== Description of the task ==
Apart from the pictures, which must be omitted, restate the data exactly.

== Short descriptive text snippets ==
*** Begin section ***

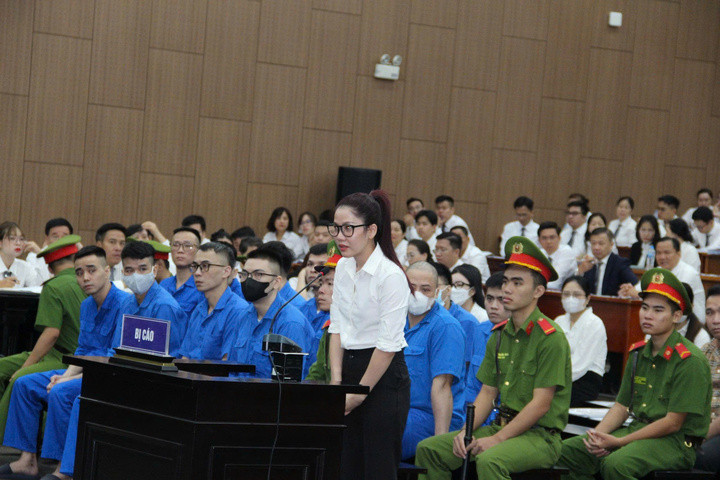 Bị cáo Nguyễn Thanh Tâm, bạn gái Mr Pips tại tòa.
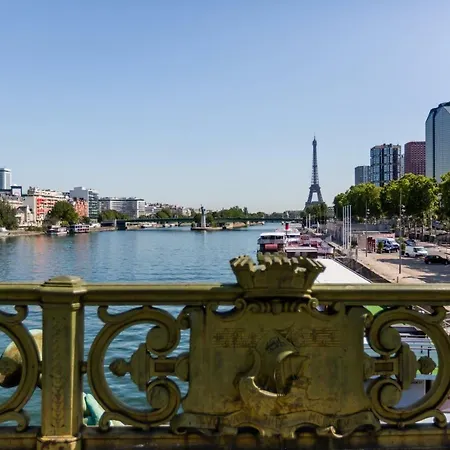 Apartment Veeve - A Balcony In Beaugrenelle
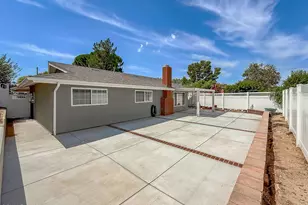 22671 Barcotta Dr, Saugus, CA 91350 - Photo 37
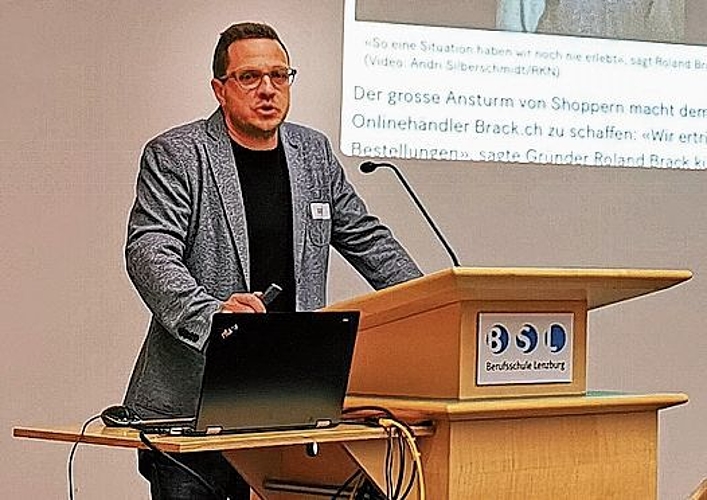 Bereit sein für Unerwartetes: Referent Markus Mahler am KMU-Apéro.  Foto: Fritz Thut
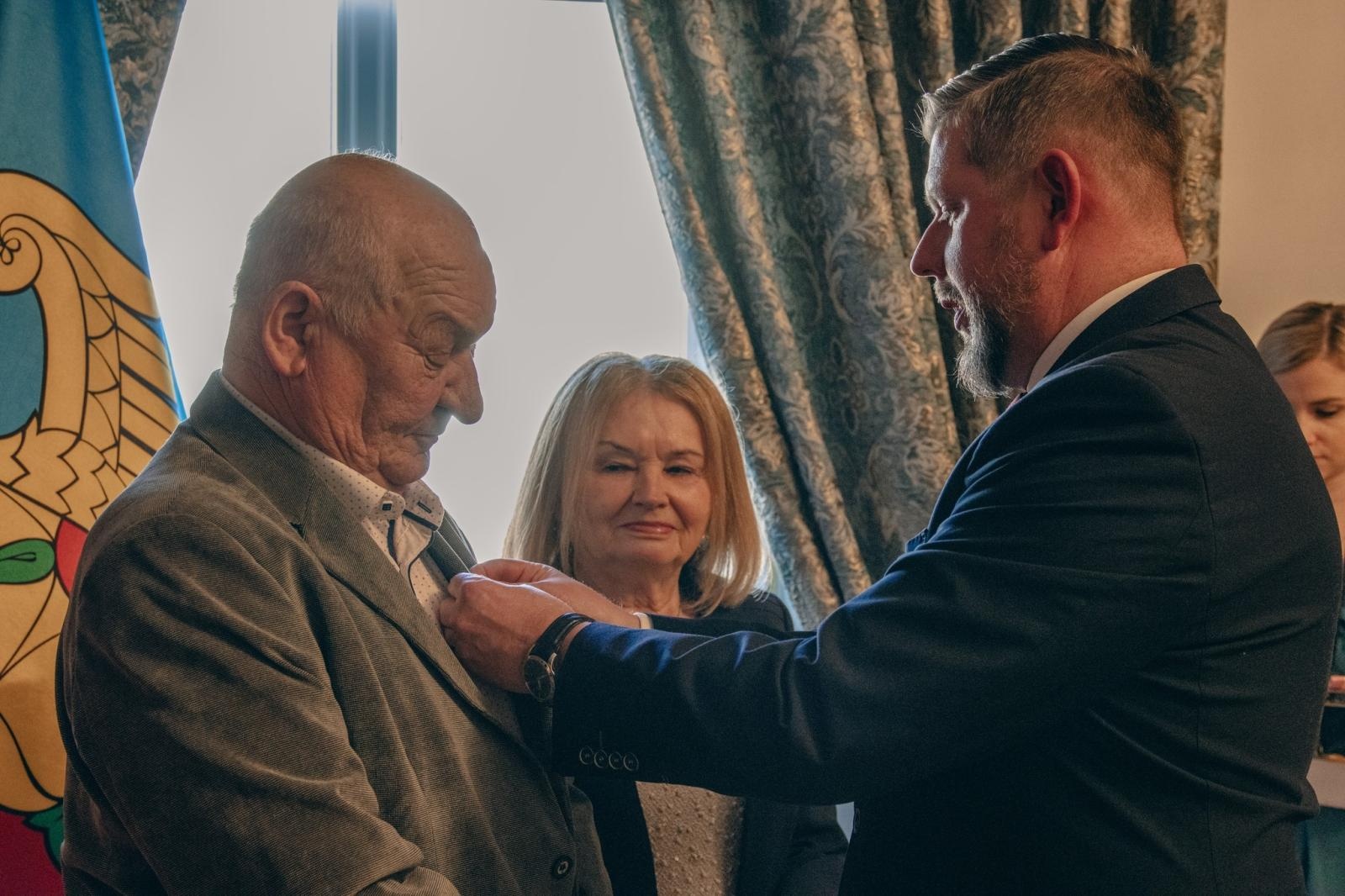 Zdjęcie w galerii na portalu naszwodzislaw.com: Małżonkowie świętowali w Pałacu Dietrichsteinów. Jubileusze w Wodzisławiu Śląskim [FOTO] wiadomości z regionu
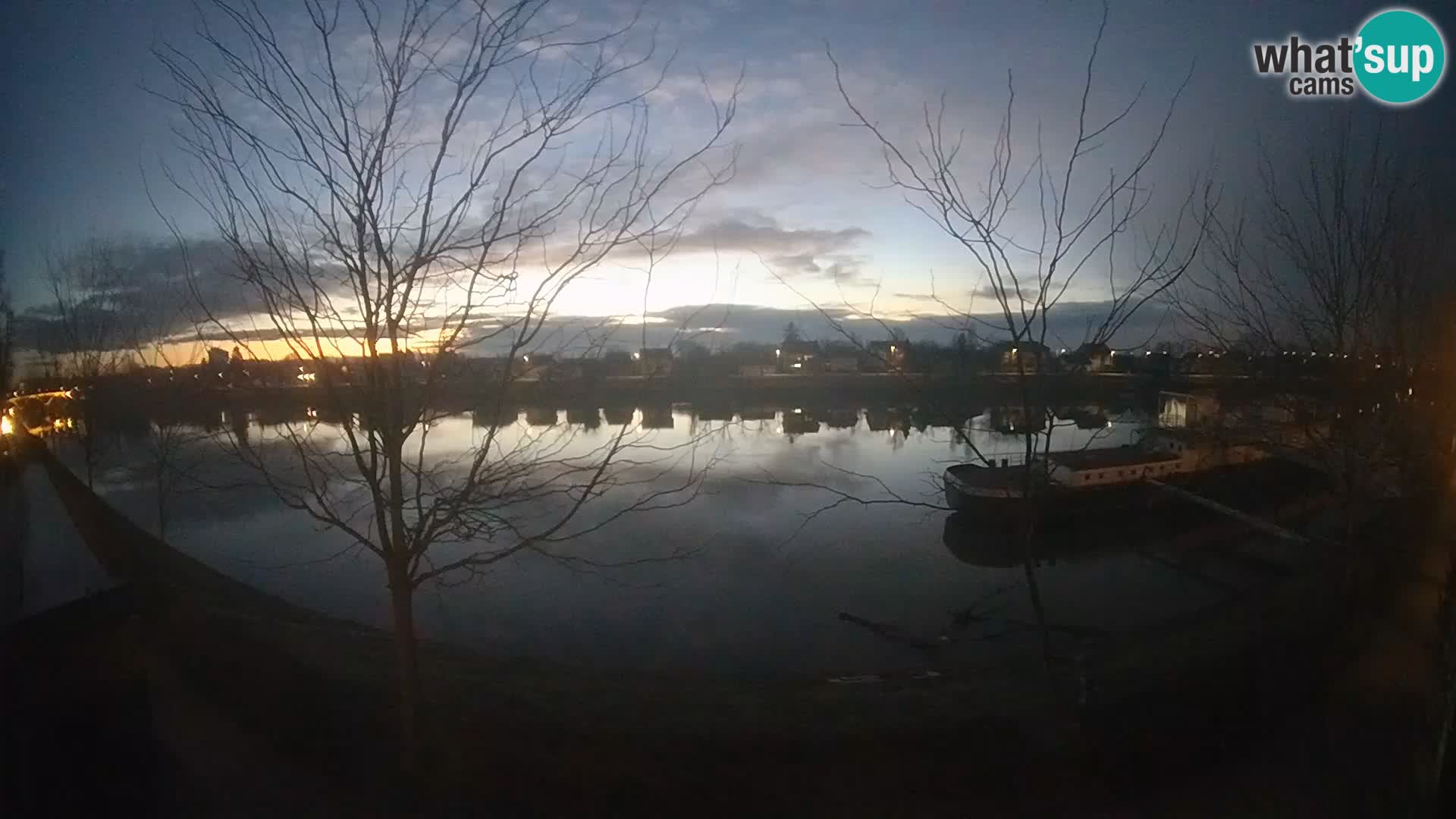 Sisak webcam en vivo Kolpa river view – Croacia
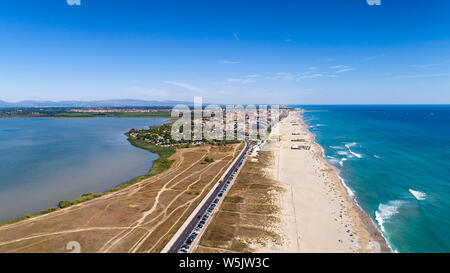 Antenne Panorama von Canet-en-Roussillon in den Pyrenees Orientales Stockfoto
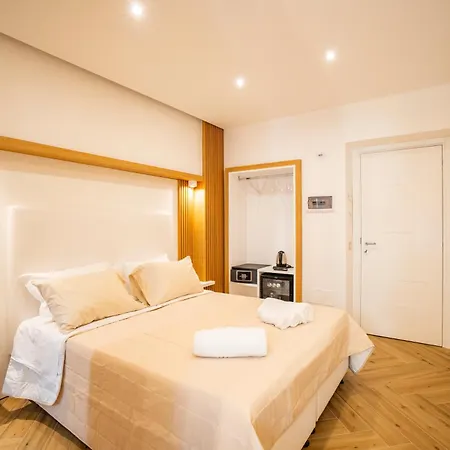 فندق مبيت وإفطار Alto Borgo 3*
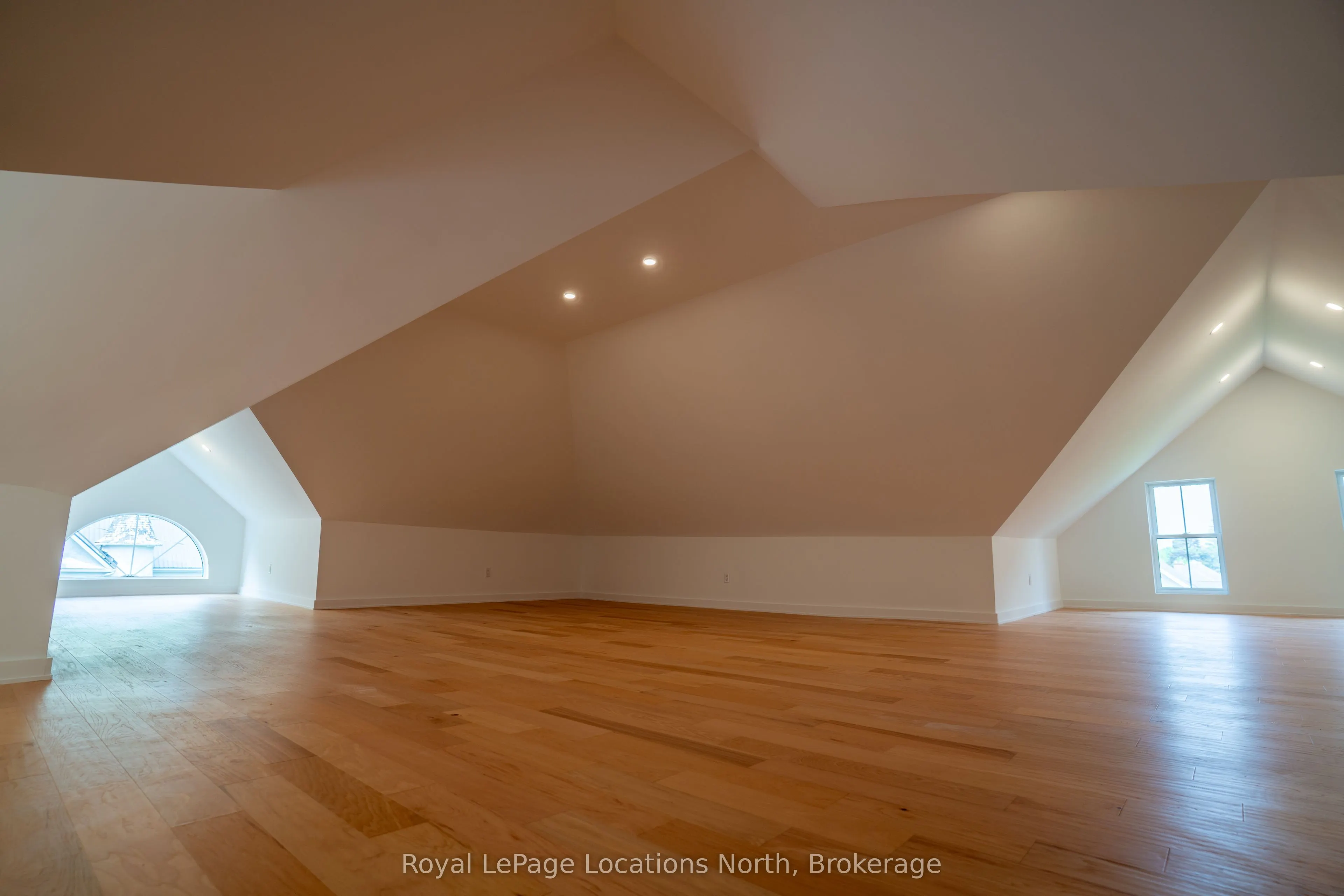 163 Trowbridge Street W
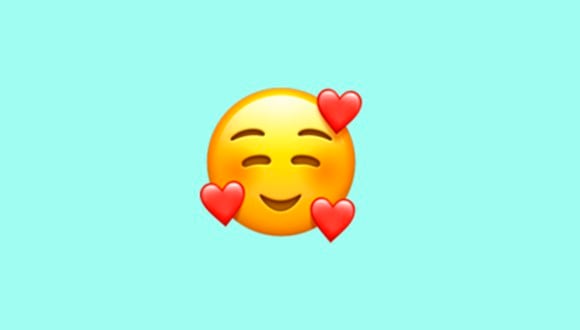 ¿Sabes qué es realmente el emoji de la carita rodeada de corazones en WhatsApp? Aquí te diremos qué significa. (Foto: Emojipedia)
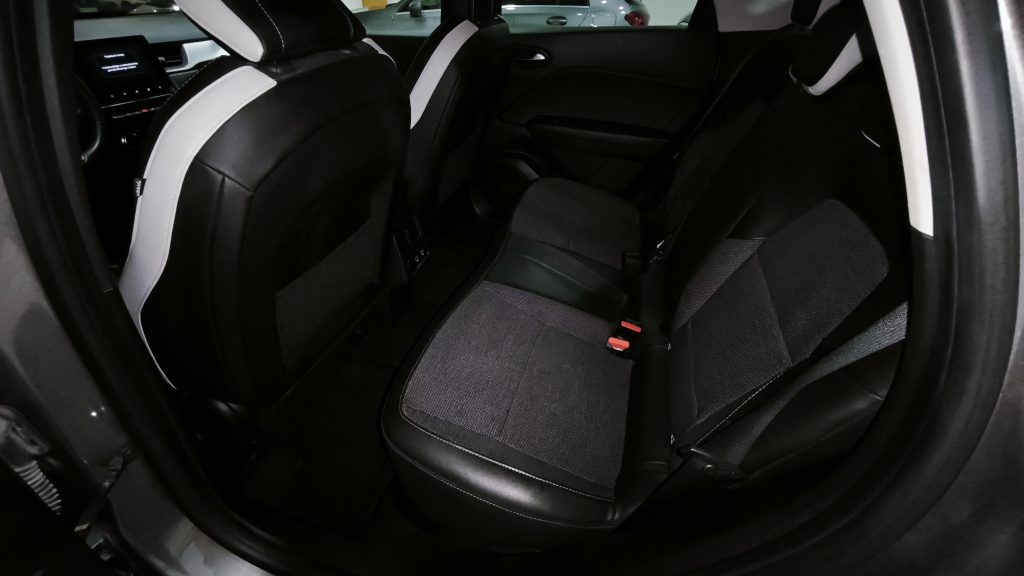 Renault Captur 1.0 TCe Techno cheio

*** End section ***

== Exercise answer ==
 Bị cáo Nguyễn Thanh Tâm, bạn gái Mr Pips tại tòa.
 Apartment Veeve - A Balcony In Beaugrenelle
 22671 Barcotta Dr, Saugus, CA 91350 - Photo 37
 Bereit sein für Unerwartetes: Referent Markus Mahler am KMU-Apéro.  Foto: Fritz Thut
 Zdjęcie w galerii na portalu naszwodzislaw.com: Małżonkowie świętowali w Pałacu Dietrichsteinów. Jubileusze w Wodzisławiu Śląskim [FOTO] wiadomości z regionu
 Sisak webcam en vivo Kolpa river view – Croacia
 Antenne Panorama von Canet-en-Roussillon in den Pyrenees Orientales Stockfoto
 فندق مبيت وإفطار Alto Borgo 3*
 163 Trowbridge Street W
 ¿Sabes qué es realmente el emoji de la carita rodeada de corazones en WhatsApp? Aquí te diremos qué significa. (Foto: Emojipedia)
 Renault Captur 1.0 TCe Techno cheio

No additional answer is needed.